The fleet positioned itself between where the Borg were and Earth. The Borg were going in their typical straight line. Warping around them isn't their style. Since they weren't threatened by the fleet, they just plowed through them (like the "mars defense perimeter" drones) and kept going. But destroying escape pods might have meant going slightly out of their way, wasting time. So they didn't bother.
 
Hmm. What we see in the DS9 episode, and hear in the TNG episode, is them bothering. They bother to stop (which they didn't do in ST:FC). They bother to ask pretty please for the Feds to surrender and offer their necks for a dose of nanoprobes. And then they bother to hold ships in tractor beams and carve them out one by one. And then they bother to fly a corkscrew path so that they can visit all the planets in the Sol system before settling on Earth orbit. On which they apparently just politely sit and wait, even though the heroes just moments before said they'd be 27 minutes late, and even after the Borg coffee break are 2 minutes late.

Going for the lifepods would be doubly apt, then. It matches their general trend of bothering, and it matches their specific action of engaging Starfleet assets that are not on their path or an obstacle to them.

Timo Saloniemi
 
...If we want to believe there was an Ahwahnee at the battle, we are free to do so.
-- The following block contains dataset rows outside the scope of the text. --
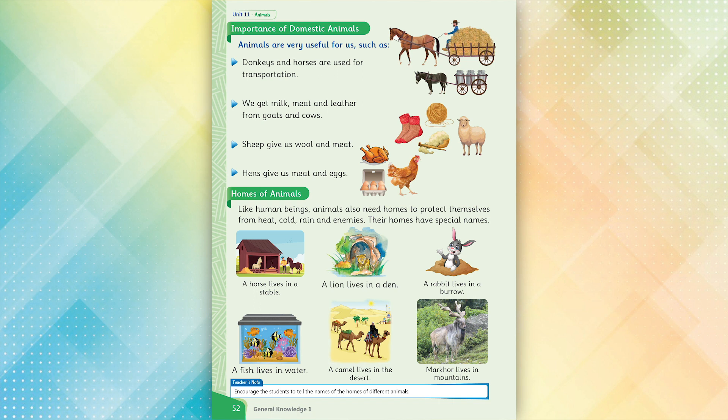Homes of animals. Like human beings, animals also need homes to protect themselves from heat, cold, rain and enemies. Their homes have special names.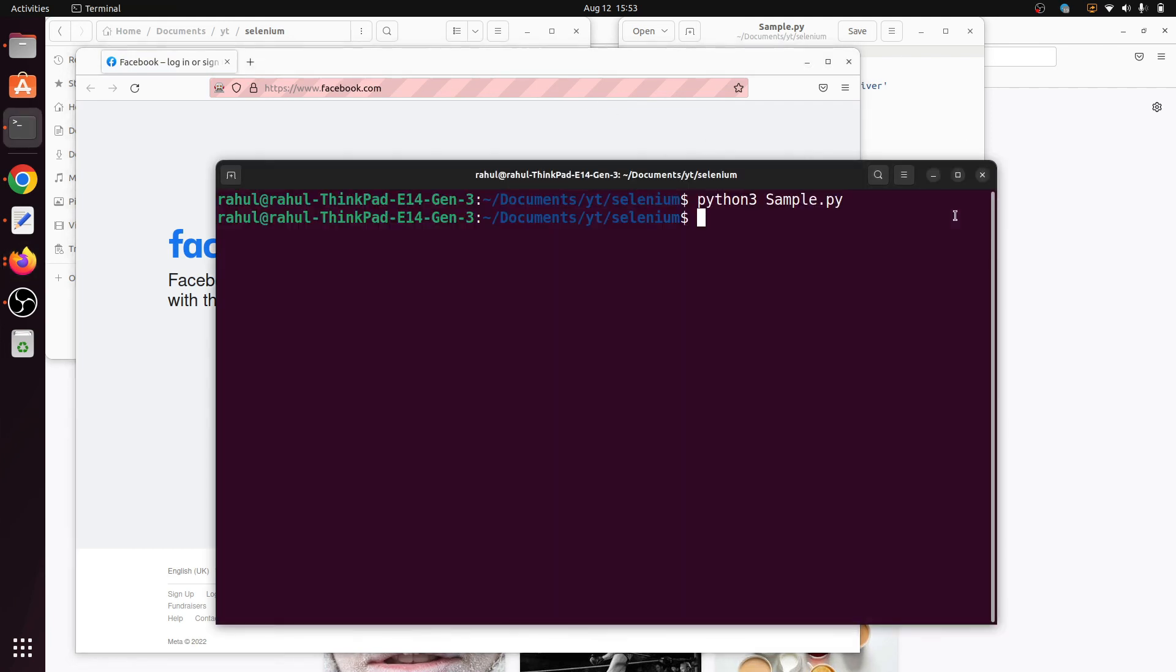You can see here my Firefox browser is open and my code is executed successfully. So that's it for the video guys. If you like this video then subscribe to my channel.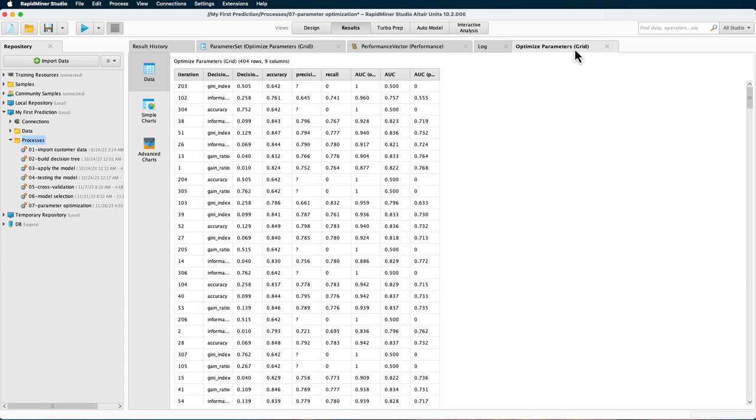Alright, this concludes our tutorial on parameter optimization. Make sure to check out the model selection module and the one on automation, which shows you an optimization using more than one model. Thank you very much for watching.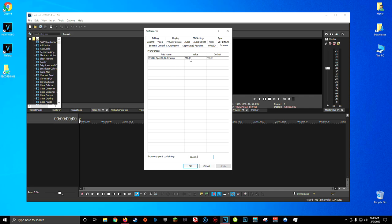Now by default, OpenCL is set to true, but we want to change this value to false. So double click on true and type in false. This is case sensitive, so make sure false is in all caps, then press enter and click apply in the lower right-hand corner.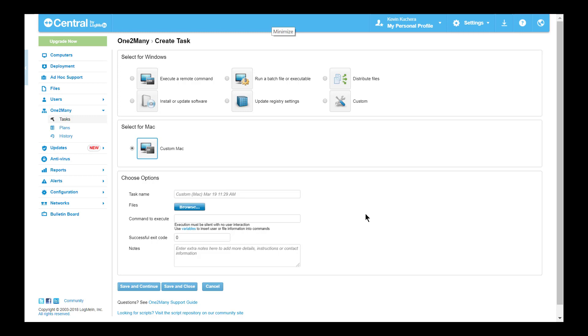And these are all the task types available within one-to-many. As with all facets of Central, I highly recommend testing these capabilities in a small environment before an en masse application. Remember, all of these tasks must run silently, so in addition to testing through LogMeIn, you'll want to test scripts or commands locally with administrative credentials to ensure desired results.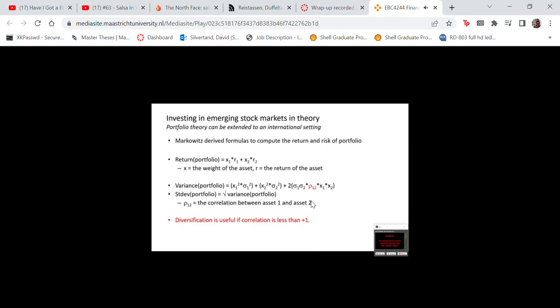The variance is not just a weighted average, because it also includes the interplay between assets, which is measured by the correlation. A correlation lower than one reduces the standard deviation of the portfolio — you already have diversification effects. The closer the correlation gets to minus one, the more useful the diversification is. So the key to portfolio thinking is that the lower the correlation between assets, the more useful diversification becomes.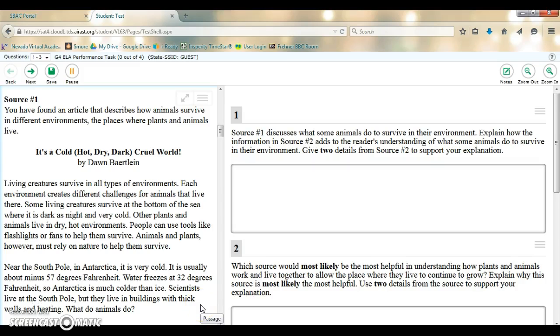Hey fourth graders, we're back with a third ELA SBAC tutorial. This one relates to the ELA performance task.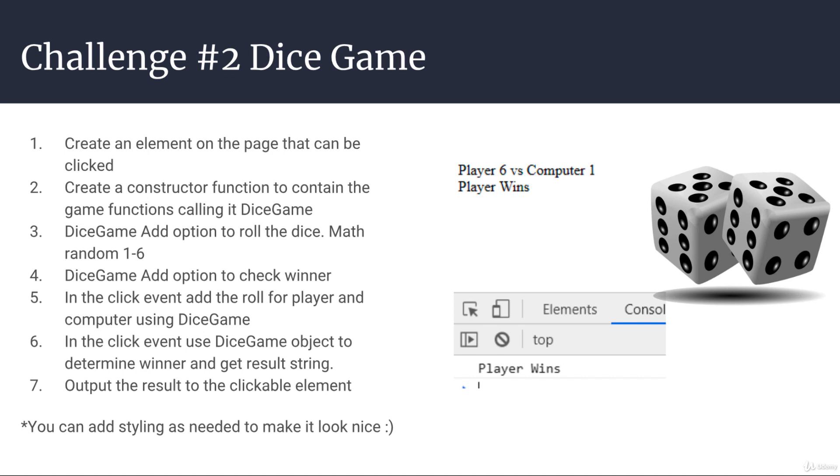So just like the example here, it doesn't have to be anything fancy. This is all just text-based. And of course, we do want to focus on the JavaScript. So this is all behind the scenes and we're just simply outputting player got a 6 versus computer 1, player wins. So that's all the functionality that we're looking for in this challenge.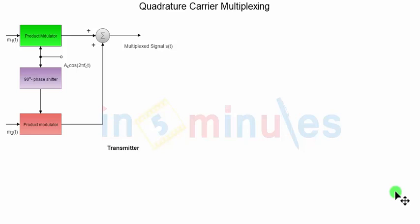In time division multiplexing we transmit multiple signals in one time frame. One time frame is divided into time slots. In one time slot we transmit one modulating signal. In the second time slot we transmit a second modulating signal, and likewise one time frame will contain n number of slots to transmit n number of modulating signals.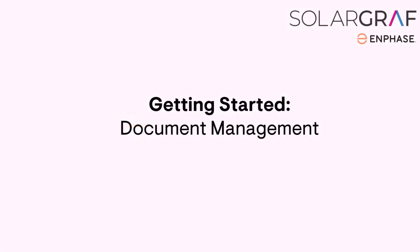In this video, I will show you how to get started with SolarGraph's document management feature.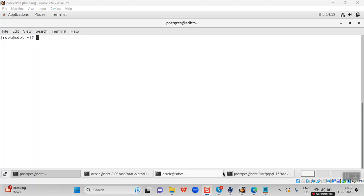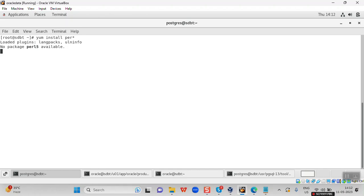Today we are going to see migration of the schema Scott from Oracle Database to Postgres Database. Before starting with migration, there are a few packages that are to be installed. We are using the yum install method, and these packages are to be installed from the root user. If it is the first time you are running this, it might take some time for all the packages to be installed.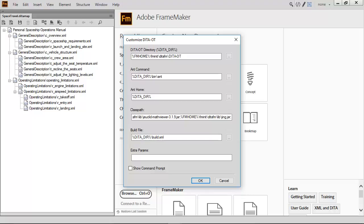The location of the build file can also be set within the dialog, as can extra parameters defined within a properties file. And lastly, if it's useful, the command prompt can be shown during the build process.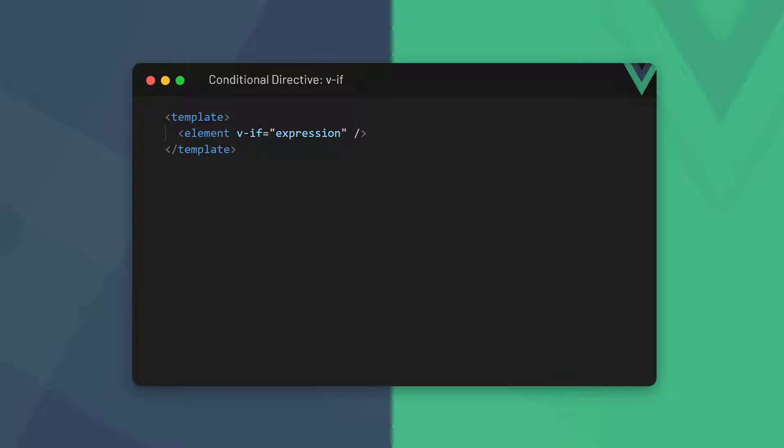The v-if directive is attached to an element in the template that we want to render conditionally. It works similar to a regular JavaScript if statement where it evaluates a truthy condition. If the condition proves true, the element will be rendered.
We may also decide there was a USS Mickey Mouse there to do the rescuing and subsequent cowardly withdrawing. Absolutely nothing precludes us from doing so.

But if we want to back this up with evidence, that is, pseudo-facts from the Trek universe, then we can at best say that yes, there was an Ahwahnee there (because a wreck by that name was filmed and shown even though it's impossible to read the name in the eventual episode), but no, she didn't rescue anybody because we see her dead.